(Study material):

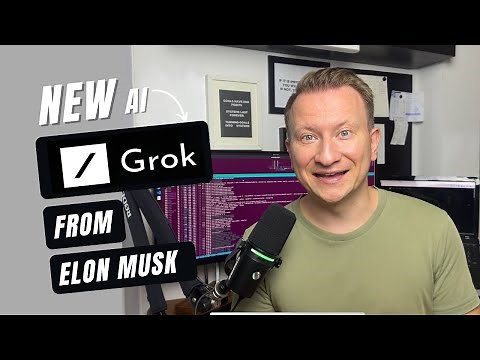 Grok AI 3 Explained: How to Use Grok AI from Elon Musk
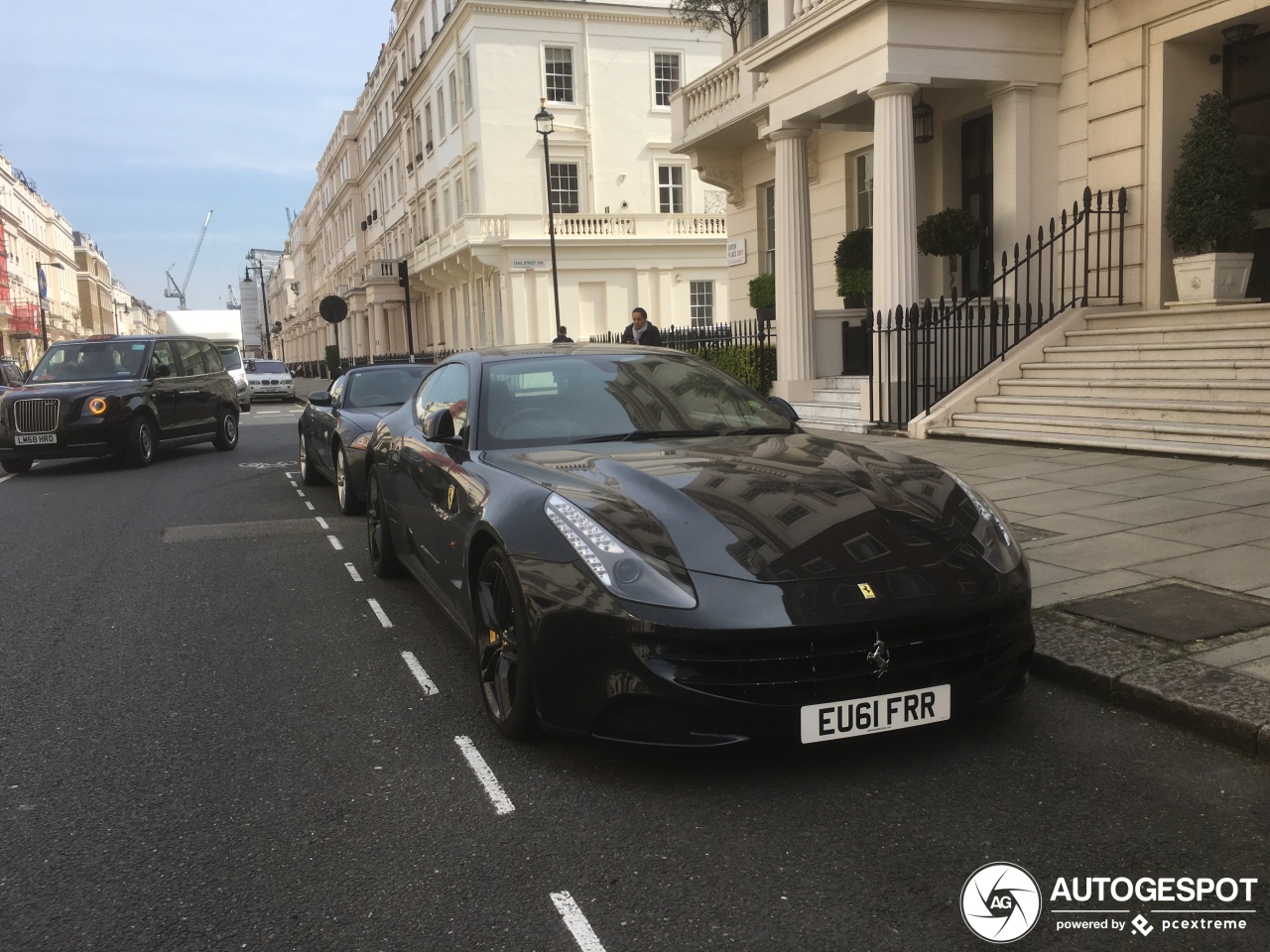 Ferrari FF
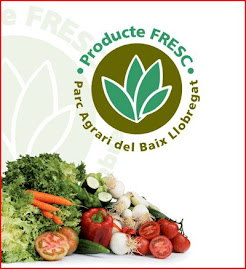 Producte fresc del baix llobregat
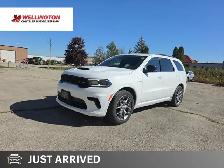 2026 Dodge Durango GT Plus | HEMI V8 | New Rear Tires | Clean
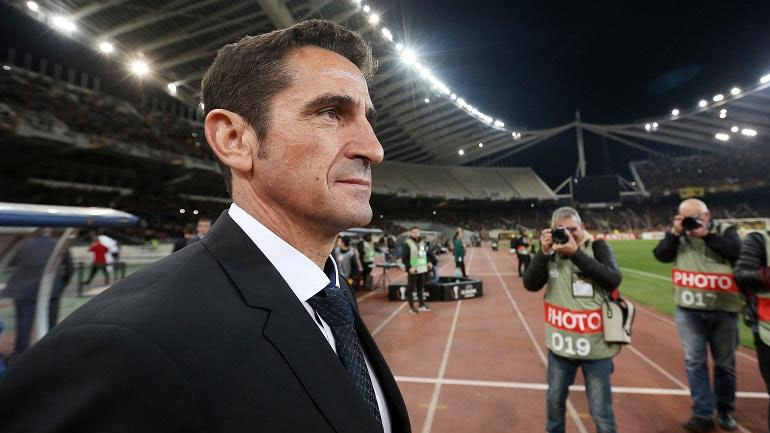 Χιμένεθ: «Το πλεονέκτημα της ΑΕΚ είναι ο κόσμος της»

(Task brief): The records above need to be printed in full and exactly, without any of the pictures.

(Solution for this problem):
 Grok AI 3 Explained: How to Use Grok AI from Elon Musk
 Ferrari FF
 Producte fresc del baix llobregat
 2026 Dodge Durango GT Plus | HEMI V8 | New Rear Tires | Clean
 Χιμένεθ: «Το πλεονέκτημα της ΑΕΚ είναι ο κόσμος της»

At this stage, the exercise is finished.